SAN FRANCISCO (Northern California Record) – An Indiana-based insurance company won't have to cover a Los Angeles Lakers' settlement of a Telephone Consumer Protection Act class action following a U.S. Ninth Circuit Court of Appeals decision that the lawsuit was excepted in the team's policy.
The exception was written into the Lakers' Federal Insurance Company policy for invasion of privacy claims, Ninth Circuit Court Judge N. Randy Smith wrote in the court's majority opinion handed down Aug. 23. "It is evident from the plain language of the insurance contract that the parties intended to exclude all invasion of privacy claims," Smith wrote.
"We recognize that exclusionary clauses are to be construed against the insurer; but here we must reconcile this rule with our canon of giving effect to the intent of the parties in light of a clause that broadly excludes coverage for any claim originating from, incident to, or having any connection with, invasion of privacy."
In the 3-2 decision, the Ninth Circuit affirmed a lower court ruling that the insurance company of the Lakers' directors and officers does not have to cover settlement of a 2012 class action lawsuit alleging the team violated the TCPA.
The Lakers appealed the lower court's ruling to the Ninth Circuit, which heard oral arguments in the case in February, that FIC didn't have to cover settlement of the text spam class action. In that class action, a fan accused the Lakers of violating the TCPA by sending allegedly unsolicited texts.
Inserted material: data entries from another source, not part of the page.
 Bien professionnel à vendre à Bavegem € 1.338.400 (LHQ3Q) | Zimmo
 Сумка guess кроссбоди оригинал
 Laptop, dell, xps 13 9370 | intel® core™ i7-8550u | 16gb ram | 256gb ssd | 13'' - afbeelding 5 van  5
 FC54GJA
Dissenting in the appeals court decision, Judge Richard Tallman countered that TCPA allegations aren't automatically privacy claims and that the class action's initial plaintiff sought relief based only on a technical TCPA violation, not invasion of privacy.
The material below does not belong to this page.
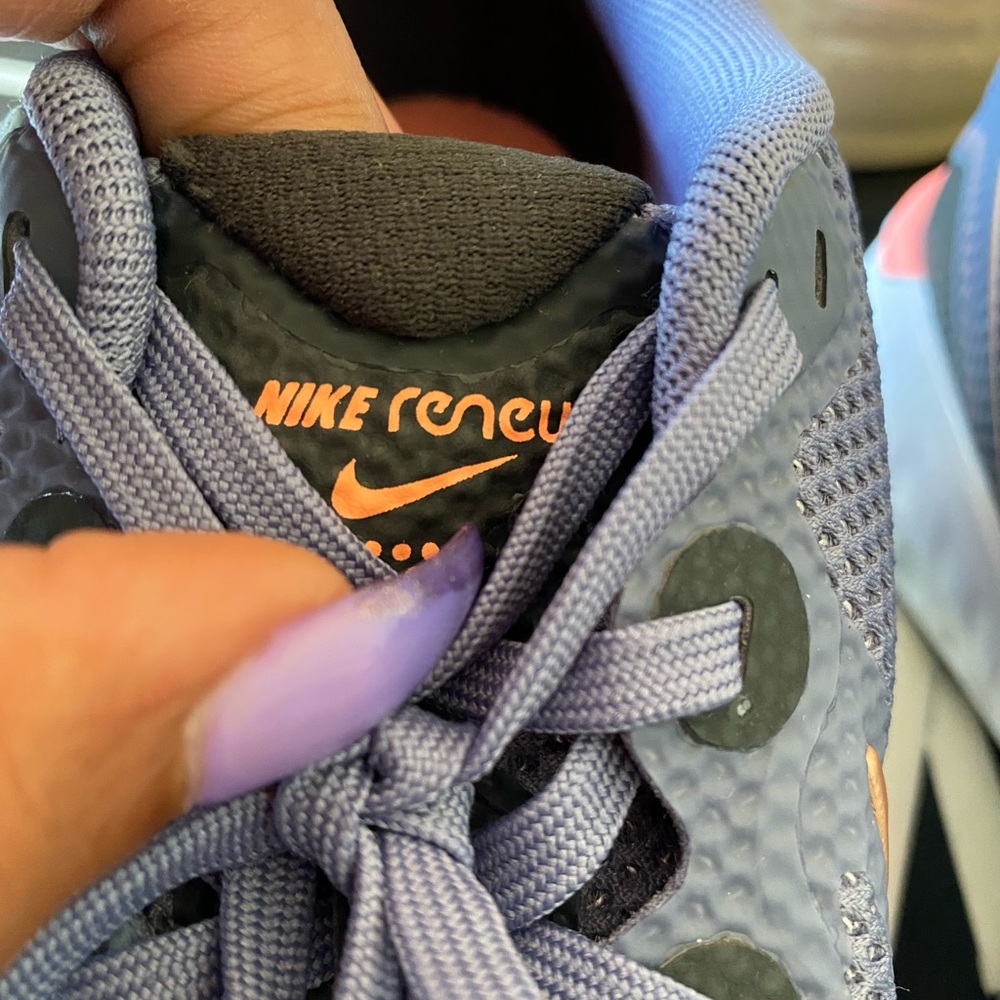 Nike Renew Run GS - Picture 6 of 15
"When a cause of action is defined by specific and unambiguous statutory elements, there is no need to redefine or restrict that cause of action based on the underlying purpose that motivated its enactment," Tallman wrote in his dissent. "In its decision the court errs by rejecting the statutory elements chosen by Congress and redefining a TCPA claim as a narrowly restricted privacy claim."
The case has been closely watched because observers said it could change how insurers pay off - or don't - on directors and officers policies under the TCPA.
The plaintiff in the class action, David Emanuel, said the Lakers violated the TCPA by sending unsolicited text messages to him and other members of the class following an Oct. 13, 2012, game during which fans were encouraged to text messages to a certain number. A U.S. District Court judge dismissed Emanuel's case in April 2013, ruling Emanuel had implicitly consented to receiving a follow-up text once he sent his original message.
Emanuel appealed to the Ninth Circuit as social media companies Twitter and Path lined up behind the Lakers with an amicas brief saying a cottage industry of TCPA plaintiffs’ attorneys had transformed "a statute intended to curb vexatious telemarketing" into a "vehicle for vexatious lawsuits".
Emanuel told the court the following January that he and the Lakers had reached a settlement.
The following September, the Lakers sued Federal Insurance Company for refusing to defend or indemnify the team in the class action litigation under the team's directors and officers policy.